The Saffir-Simpson Scale is used by weather forecasters to grade hurricanes by their wind speed and potential damage.

All Hazards Guide : in English, Spanish and Haitian-Creole from Lee County (takes a while to load)

Prevention and preparation are the best way to deal with any emergency. A good preparedness plan can make all the difference. This hurricane season, Estero Fire Rescue encourages all Lee County residents to plan and prepare well in advance. Here are some helpful tips to make your plan a great one:

  • Put together an emergency kit that includes non-perishable food for up to three days. Don’t forget a manual can opener. In the event of power loss, the electric ones will not work
  • Drinking water Have a minimum of one gallon of drinking water per person per day. Also juice boxes and soft drinks may be a welcome change
  • Protect your home. Check the roof for loose shingles or those in need of repair. Protect exterior windows and secure all loose items around your home
  • Medications. Make sure to have an ample amount of personal medications and prescriptions
  • Cash on hand Have some cash on hand because you will not be able to access ATM’s in the event of a power failure
  • Radios and batteries Have flashlights and a battery powered radio to get regular updates on the storm and recovery efforts. Make sure to have enough batteries on hand
  • Evacuations What will you do in the event of an evacuation? Where will you go? Make sure to let relatives and friends know if you are leaving and where you can be reached
  • Pets Shelters and some hotels do not take pets. If you have to evacuate, have a plan in place for your pets and remember to take supplies with you for them. Food, water, toys and medications.

For more details on planning for a hurricane or any emergency, click here for the Lee County Emergency Management All Hazard Guide.

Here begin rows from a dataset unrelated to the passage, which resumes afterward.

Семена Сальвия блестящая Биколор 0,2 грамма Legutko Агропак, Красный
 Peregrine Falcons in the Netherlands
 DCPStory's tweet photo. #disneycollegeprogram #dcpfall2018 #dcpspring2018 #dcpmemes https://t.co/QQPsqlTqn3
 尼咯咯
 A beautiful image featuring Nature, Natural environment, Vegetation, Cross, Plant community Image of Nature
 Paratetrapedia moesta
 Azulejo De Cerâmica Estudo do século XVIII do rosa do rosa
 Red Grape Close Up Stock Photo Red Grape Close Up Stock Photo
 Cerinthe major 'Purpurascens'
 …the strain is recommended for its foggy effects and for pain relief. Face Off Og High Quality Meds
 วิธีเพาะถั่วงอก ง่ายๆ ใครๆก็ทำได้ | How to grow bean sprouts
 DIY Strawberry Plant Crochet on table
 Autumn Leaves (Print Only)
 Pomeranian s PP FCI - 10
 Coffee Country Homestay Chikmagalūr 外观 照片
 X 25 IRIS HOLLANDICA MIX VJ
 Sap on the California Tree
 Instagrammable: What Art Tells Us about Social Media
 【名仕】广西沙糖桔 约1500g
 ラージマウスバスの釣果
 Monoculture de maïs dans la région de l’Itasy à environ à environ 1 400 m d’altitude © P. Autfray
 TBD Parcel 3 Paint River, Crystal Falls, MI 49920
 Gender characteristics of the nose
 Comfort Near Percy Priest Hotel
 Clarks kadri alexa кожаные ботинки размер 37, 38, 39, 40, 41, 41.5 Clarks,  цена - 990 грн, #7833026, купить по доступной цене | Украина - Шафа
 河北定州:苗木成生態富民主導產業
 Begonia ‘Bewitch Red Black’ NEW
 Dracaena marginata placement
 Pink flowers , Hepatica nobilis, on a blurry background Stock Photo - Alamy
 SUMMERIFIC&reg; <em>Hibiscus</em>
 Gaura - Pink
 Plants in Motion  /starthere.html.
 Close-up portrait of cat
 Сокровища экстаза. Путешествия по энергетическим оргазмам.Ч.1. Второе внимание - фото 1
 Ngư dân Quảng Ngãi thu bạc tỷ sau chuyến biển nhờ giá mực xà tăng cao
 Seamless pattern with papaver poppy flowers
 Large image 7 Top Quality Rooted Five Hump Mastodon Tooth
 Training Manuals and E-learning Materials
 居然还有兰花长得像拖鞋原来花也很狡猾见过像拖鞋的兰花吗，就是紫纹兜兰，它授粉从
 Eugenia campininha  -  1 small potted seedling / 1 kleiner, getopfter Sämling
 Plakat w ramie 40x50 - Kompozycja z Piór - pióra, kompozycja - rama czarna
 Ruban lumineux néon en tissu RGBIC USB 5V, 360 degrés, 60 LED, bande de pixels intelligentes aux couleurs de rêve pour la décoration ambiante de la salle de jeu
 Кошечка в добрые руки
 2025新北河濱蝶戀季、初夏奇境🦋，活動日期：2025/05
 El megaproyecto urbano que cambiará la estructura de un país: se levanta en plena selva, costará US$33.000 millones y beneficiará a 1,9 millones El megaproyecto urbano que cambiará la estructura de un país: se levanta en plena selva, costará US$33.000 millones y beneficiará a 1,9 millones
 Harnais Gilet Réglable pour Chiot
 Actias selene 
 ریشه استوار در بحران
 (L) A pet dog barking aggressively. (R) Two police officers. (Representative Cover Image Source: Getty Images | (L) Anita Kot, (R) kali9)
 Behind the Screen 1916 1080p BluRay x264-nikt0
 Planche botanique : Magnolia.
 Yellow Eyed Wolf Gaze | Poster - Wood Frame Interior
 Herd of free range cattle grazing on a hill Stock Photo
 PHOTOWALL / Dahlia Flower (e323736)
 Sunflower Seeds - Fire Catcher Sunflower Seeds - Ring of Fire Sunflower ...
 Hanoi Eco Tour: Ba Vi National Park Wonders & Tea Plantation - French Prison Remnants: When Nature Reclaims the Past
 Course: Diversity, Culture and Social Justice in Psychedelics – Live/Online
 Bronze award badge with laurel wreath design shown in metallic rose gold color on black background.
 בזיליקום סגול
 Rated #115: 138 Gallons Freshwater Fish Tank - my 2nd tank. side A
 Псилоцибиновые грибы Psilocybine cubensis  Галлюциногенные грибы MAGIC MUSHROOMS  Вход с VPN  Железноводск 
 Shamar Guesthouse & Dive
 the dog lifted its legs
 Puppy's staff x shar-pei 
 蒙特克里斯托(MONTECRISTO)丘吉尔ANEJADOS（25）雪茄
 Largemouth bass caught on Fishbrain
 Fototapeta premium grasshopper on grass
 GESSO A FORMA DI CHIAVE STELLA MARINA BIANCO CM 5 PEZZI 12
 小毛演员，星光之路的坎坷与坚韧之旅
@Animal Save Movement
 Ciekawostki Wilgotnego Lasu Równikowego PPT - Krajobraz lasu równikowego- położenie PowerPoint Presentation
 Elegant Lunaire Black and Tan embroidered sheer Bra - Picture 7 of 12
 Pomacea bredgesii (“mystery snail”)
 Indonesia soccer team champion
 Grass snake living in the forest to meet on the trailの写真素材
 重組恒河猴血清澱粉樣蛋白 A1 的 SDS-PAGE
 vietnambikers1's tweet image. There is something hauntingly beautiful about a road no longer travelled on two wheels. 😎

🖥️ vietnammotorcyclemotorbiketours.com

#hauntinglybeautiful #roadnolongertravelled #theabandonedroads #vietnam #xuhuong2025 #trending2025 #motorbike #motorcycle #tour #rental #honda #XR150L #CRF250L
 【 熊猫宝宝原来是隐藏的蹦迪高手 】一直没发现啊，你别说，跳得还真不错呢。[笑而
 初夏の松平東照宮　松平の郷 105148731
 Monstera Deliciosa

Developing a Family Action Plan

Here are some quick tips to help develop your family action plan for this hurricane season:

  • A family action plan can keep residents safe and out of harm’s way in a severe weather event.
  • Once the family develops and finalizes the action plan, be sure to practice it frequently.
  • Discuss the type of hazards that could affect the family. Know the home’s vulnerability to storm surge, flooding, wind and tornado
  • Determine if the home is located in storm surge evacuation zone. If so, know exactly where to go to reach safe shelter, and know how to get there
  • If the home is located outside the storm surge evacuation zone, and the home is well constructed, its residents still need to have a hurricane plan.
  • Locate a safe room or the safest areas in the home for each hurricane hazard. Sometimes the safest areas may not be in the home, but within the community.
  • Determine escape routes from the home and designated meeting place nearby.
  • Designate an out-of-state contact so all family members have a single point of contact.
  • Make a plan now for what to do with pets if the family needs to evacuate. Most hurricane shelters do not accept pets.
  • Post emergency telephone numbers. Make sure children know how and when to call 9-1-1.
  • Review insurance coverage flood damage is not usually covered by homeowners insurance. Monitor a NOAA weather radio for official, real-time weather information.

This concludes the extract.